After fleeing Lincoln Center for the Performing Arts last summer because of the company's deteriorated finances, City Opera used three venues this season, starting at BAM, moving on to the Gerald W. Lynch Theater at John Jay College and ending up next month at El Museo del Barrio.
"We have successfully, I believe successfully implemented our new model for the company and that the New York City Opera is on firm footing," chairman Chuck Wall said.
Like this season, 2012-13 will consist of an abbreviated schedule of 16 performances of four operas. Next season includes new stagings of Thomas Ades' "Powder Her Face" (Feb. 15-23) and Britten's "The Turn of the Screw" (Feb. 24-March 2) at BAM, and Rossini's "Mose in Egitto (Moses in Egypt)" (April 14-20) and Offenbach's "La Perichole" (April 21-27) at City Center.
Built in 1923, originally called Mecca Temple and known for many years as City Center of Music and Drama, the auditorium a block south of Carnegie Hall in midtown Manhattan was home to City Opera for 1,447 performances of 108 operas, starting with Puccini's "Tosca" on Feb. 21, 1944, and ending with Lehar's "The Merry Widow" on Nov. 15, 1965.
City Opera moved to Lincoln Center's New York State Theater, opening on Feb. 22, 1966, with Alberto Ginastera's "Don Rodrigo" and playing its final performance there last May 1, Stephen Schwartz's "Seance on a Wet Afternoon."
In its last full season at Lincoln Center, City Opera presented 13 productions in 2007-08. The company then stumbled, missing a season of staged performances to have its auditorium renovated and hiring Gerard Mortier as general manager, only to watch him quit before he was to start in 2009-10.
The company said it reached agreements to use BAM and City Center as its primary theaters through the 2014-15 season.
General manager George Steel said the company's budget of about $15.3 million this season was balanced for the first time in 12 years, and next year's budget will drop to about $14.2 million. Its endowment is $4.7 million, down from $9 million last year and $55 million several years ago.

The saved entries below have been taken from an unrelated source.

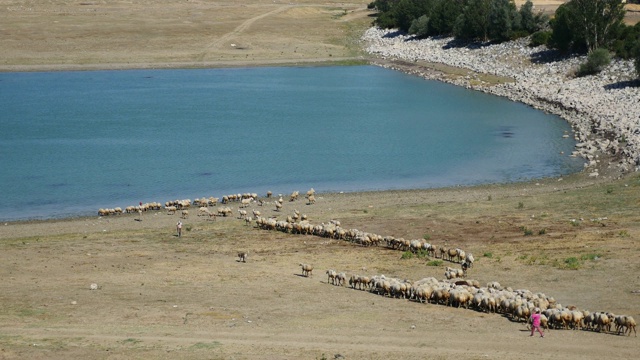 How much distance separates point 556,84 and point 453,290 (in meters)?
49.7

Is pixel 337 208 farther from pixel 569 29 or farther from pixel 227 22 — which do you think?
pixel 227 22

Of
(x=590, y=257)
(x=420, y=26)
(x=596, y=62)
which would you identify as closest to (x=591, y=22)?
(x=596, y=62)

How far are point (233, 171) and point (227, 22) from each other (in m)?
69.1

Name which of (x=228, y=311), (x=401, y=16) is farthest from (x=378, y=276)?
(x=401, y=16)

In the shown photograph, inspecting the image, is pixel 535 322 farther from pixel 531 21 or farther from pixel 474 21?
pixel 474 21

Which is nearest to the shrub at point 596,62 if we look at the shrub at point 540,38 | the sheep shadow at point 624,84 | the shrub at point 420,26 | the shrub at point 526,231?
the sheep shadow at point 624,84

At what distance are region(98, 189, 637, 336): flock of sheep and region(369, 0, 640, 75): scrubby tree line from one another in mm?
36147

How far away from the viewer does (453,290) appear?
23766 mm

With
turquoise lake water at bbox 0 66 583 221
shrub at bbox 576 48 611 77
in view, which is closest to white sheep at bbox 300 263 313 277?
turquoise lake water at bbox 0 66 583 221

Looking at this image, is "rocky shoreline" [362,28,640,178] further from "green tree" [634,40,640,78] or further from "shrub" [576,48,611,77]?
"green tree" [634,40,640,78]

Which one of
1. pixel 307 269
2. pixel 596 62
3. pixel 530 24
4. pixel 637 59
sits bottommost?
pixel 307 269

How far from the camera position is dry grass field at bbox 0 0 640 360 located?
2070 cm

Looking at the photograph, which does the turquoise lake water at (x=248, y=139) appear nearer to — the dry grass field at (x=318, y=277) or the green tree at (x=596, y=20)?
the dry grass field at (x=318, y=277)

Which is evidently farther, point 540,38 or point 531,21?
point 531,21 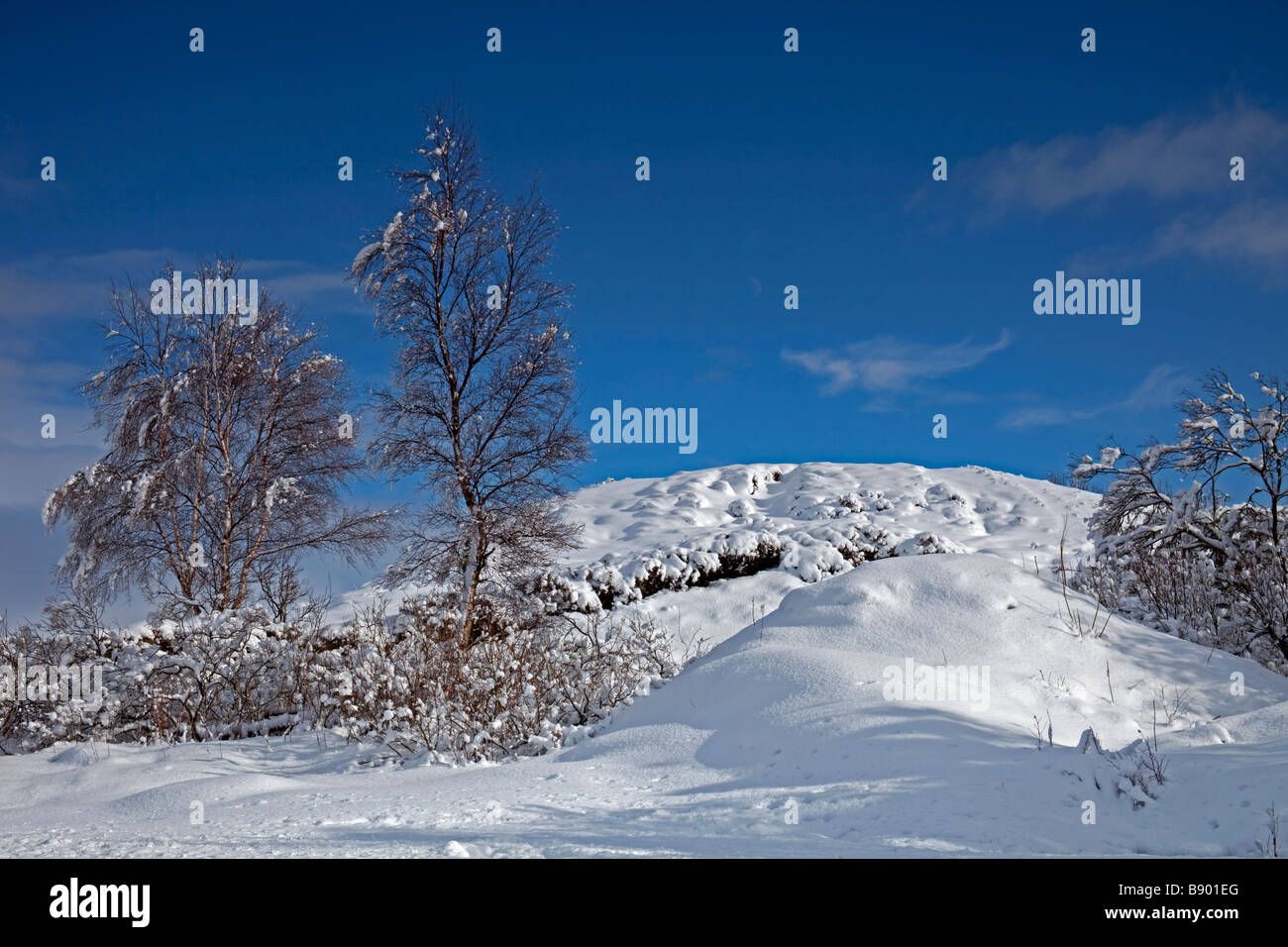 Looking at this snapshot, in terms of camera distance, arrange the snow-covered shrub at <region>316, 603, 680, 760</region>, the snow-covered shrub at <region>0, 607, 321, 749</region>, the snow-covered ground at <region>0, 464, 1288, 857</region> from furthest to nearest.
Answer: the snow-covered shrub at <region>0, 607, 321, 749</region>, the snow-covered shrub at <region>316, 603, 680, 760</region>, the snow-covered ground at <region>0, 464, 1288, 857</region>

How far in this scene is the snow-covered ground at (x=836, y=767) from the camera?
4.88 meters

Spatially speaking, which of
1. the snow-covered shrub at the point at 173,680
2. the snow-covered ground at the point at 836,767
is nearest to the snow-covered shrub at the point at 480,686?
the snow-covered ground at the point at 836,767

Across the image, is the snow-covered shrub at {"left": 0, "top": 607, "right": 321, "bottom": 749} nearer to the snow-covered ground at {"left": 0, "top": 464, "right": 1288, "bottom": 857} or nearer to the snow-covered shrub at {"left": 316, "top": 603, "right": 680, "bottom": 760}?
the snow-covered ground at {"left": 0, "top": 464, "right": 1288, "bottom": 857}

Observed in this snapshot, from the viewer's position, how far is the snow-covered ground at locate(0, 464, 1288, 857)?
488 centimetres

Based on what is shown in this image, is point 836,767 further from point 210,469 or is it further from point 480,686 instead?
point 210,469

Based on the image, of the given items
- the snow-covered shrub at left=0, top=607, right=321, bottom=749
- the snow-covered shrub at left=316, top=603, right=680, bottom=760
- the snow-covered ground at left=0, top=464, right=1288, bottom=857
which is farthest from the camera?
the snow-covered shrub at left=0, top=607, right=321, bottom=749

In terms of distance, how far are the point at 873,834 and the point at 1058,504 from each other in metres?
24.8

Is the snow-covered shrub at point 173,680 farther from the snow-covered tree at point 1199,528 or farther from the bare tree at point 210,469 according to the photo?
the snow-covered tree at point 1199,528

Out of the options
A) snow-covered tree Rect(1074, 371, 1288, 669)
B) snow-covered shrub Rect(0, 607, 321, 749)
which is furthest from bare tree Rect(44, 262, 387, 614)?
snow-covered tree Rect(1074, 371, 1288, 669)

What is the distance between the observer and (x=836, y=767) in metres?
6.33

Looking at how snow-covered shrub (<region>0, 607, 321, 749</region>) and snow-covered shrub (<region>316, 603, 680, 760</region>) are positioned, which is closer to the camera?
snow-covered shrub (<region>316, 603, 680, 760</region>)

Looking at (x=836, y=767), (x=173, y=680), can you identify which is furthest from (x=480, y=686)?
(x=173, y=680) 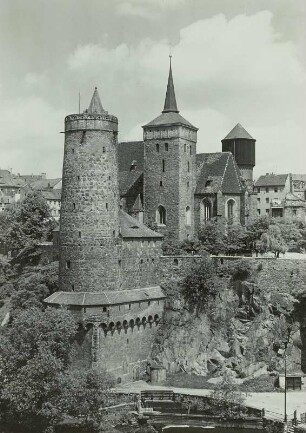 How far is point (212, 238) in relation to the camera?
77188mm

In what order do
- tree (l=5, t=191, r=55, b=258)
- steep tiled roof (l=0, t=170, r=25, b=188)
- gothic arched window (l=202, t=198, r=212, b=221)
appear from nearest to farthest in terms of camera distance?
gothic arched window (l=202, t=198, r=212, b=221) → tree (l=5, t=191, r=55, b=258) → steep tiled roof (l=0, t=170, r=25, b=188)

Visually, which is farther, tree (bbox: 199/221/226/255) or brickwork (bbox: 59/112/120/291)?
tree (bbox: 199/221/226/255)

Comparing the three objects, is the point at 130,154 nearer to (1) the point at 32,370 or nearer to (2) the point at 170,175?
(2) the point at 170,175

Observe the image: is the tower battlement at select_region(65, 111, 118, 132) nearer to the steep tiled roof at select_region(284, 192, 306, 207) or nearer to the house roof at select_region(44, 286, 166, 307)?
the house roof at select_region(44, 286, 166, 307)

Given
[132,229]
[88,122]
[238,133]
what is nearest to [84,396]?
[132,229]

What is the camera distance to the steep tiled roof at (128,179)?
8488 centimetres

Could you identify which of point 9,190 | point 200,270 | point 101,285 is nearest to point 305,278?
point 200,270

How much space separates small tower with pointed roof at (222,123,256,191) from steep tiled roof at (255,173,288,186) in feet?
117

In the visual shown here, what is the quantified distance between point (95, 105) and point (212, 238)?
21378mm

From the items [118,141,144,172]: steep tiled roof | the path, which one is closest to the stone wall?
the path

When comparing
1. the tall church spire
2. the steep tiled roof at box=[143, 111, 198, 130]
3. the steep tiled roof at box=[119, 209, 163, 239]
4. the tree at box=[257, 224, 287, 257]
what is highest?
the tall church spire

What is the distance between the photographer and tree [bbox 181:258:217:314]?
6769 cm

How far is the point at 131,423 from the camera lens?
178 ft

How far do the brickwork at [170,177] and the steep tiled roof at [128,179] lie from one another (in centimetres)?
332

He expects sellouts for all 16 performances this season, helped by $25 tickets that were underwritten by a donor. The percentage of revenue from tickets is projected to rise from 8 percent this season to 14.5 percent. He hopes to expand seasons to eight to 10 operas in the future but has no timetable. There also is no timeframe for hiring a music director to replace George Manahan, who left a year ago.
"We will expand on sustainable basis," Steel said.
Christopher Alden will complete his cycle of the Mozart-Da Ponte operas with "Le Nozze di Figaro (The Marriage of Figaro)" in a future season. Alden is directing "Perichole" next season.